EXERCISE OBJECTIVE:
Every line from the beginning of the records below up to the one holding "2nd image of 1131 Western Park Dr" should be quoted exactly; leave out the rest.
----- DATA TO PROCESS
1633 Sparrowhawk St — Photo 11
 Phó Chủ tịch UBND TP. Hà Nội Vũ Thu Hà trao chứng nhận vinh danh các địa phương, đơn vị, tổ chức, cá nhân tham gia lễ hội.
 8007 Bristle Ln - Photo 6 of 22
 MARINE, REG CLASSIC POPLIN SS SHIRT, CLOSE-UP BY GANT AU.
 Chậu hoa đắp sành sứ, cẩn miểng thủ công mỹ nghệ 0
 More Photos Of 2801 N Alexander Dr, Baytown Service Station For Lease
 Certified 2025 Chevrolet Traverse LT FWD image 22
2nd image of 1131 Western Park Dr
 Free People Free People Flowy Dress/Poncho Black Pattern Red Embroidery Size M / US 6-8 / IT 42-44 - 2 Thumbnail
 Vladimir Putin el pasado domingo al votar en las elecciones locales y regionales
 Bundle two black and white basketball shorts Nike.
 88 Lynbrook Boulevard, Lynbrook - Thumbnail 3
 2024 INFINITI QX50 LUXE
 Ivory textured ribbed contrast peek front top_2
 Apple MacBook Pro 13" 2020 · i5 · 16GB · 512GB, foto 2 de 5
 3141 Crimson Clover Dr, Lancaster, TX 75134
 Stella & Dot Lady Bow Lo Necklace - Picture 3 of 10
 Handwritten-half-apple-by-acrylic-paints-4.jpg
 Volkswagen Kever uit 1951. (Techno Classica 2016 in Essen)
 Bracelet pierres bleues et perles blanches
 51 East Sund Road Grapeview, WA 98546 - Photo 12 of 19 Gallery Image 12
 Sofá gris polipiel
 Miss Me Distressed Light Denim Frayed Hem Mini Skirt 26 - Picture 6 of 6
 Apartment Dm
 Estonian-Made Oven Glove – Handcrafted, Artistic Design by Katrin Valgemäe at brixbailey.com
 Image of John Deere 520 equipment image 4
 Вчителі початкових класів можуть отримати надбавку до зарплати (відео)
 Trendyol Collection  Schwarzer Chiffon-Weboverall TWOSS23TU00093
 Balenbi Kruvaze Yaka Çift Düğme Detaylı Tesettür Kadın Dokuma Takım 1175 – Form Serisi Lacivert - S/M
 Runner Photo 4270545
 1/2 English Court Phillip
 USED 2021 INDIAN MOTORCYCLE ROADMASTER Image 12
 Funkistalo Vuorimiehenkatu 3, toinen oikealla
----------
RESULT:
1633 Sparrowhawk St — Photo 11
 Phó Chủ tịch UBND TP. Hà Nội Vũ Thu Hà trao chứng nhận vinh danh các địa phương, đơn vị, tổ chức, cá nhân tham gia lễ hội.
 8007 Bristle Ln - Photo 6 of 22
 MARINE, REG CLASSIC POPLIN SS SHIRT, CLOSE-UP BY GANT AU.
 Chậu hoa đắp sành sứ, cẩn miểng thủ công mỹ nghệ 0
 More Photos Of 2801 N Alexander Dr, Baytown Service Station For Lease
 Certified 2025 Chevrolet Traverse LT FWD image 22
2nd image of 1131 Western Park Dr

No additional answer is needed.